They first had to find a building capable of hosting their ambitious plans, and then wound up negotiating new territorial liquor taxes—eventually arriving at $1.11 per litre, down from $2.22—thereby reducing the amount they would have to pass on to customers. Along the way, they had to alter plans to showcase their brewing equipment behind glass to meet regulations, and even dismantle a storage shed because it violated city code. They could go on and on—Fletcher even jokes that he’ll incorporate “red tape” into the name of a future red ale.
By the time they open the doors for the first time in late October, it’s been a year and three days since they first broke ground on the pub—and nearly two years since Fletcher quit his job pulling wrenches at the local Ford dealership to pursue this venture full-time.

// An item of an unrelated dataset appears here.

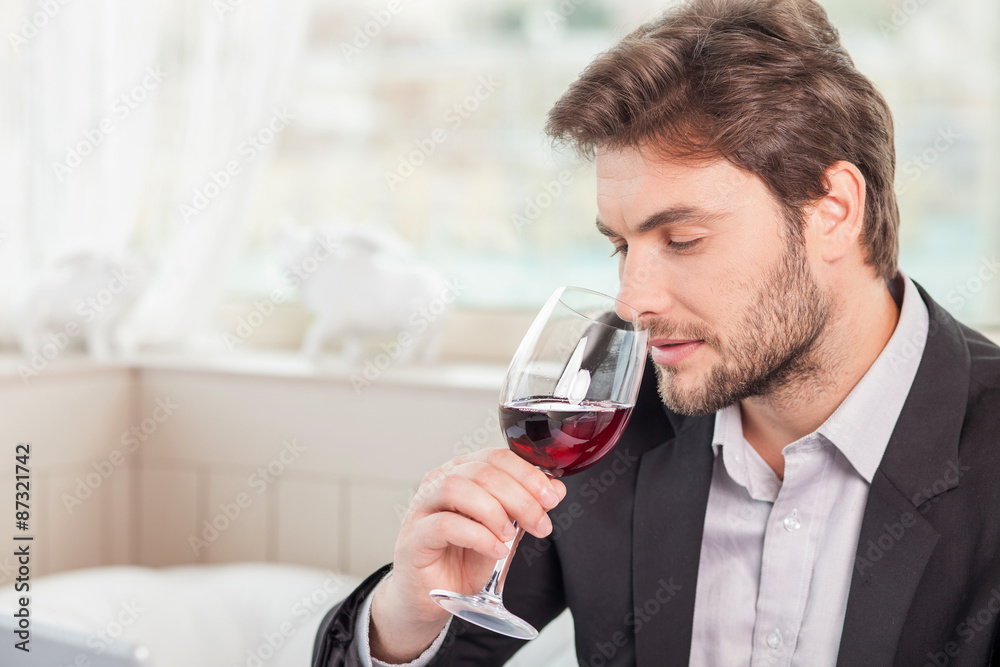 Young well-dressed man is relaxing in restaurant Young well-dressed man is relaxing in restaurant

The Monday night party is part pre-launch neighbourhood meet-and-greet, part goodbye to two long-time Yellowknifers who’d just sold their home down the street. It’s an opportunity to have a drink at a venue they’ve been so excited about, while it also gives Fletcher and Miranda the chance to introduce themselves to the few neighbours that hadn’t already dropped in for an impromptu update during their year-long construction.
“It’s like a kitchen party!”
“They really made a silk purse out of a sow’s ear,” a neighbour says. And he’s right: the former Bartle & Gibson building in Old Town had been gutted and transformed into an industrial-chic pub, with handcrafted wooden tables and walls adorned with rusted tools and worn knick-knacks befitting the rustic Woodyard neighbourhood—the historic collection of shacks, surrounded today by larger houses in adjacent streets that some former shack-dwellers moved on to occupy. Caribou antlers hang above the bar—a gift from Fletcher and Miranda’s wedding.
The evening lets staff work out some kinks; the sorts of things you overlook despite the most diligent planning, that you only realize need doing when people are there. Garbage cans in the bathroom are probably a good idea. Maybe the seating needs reconfiguring, they wonder, noticing how most everyone has congregated near the bar, rather than on the upper level, where a local band is playing. “It’s like a kitchen party!” Miranda says.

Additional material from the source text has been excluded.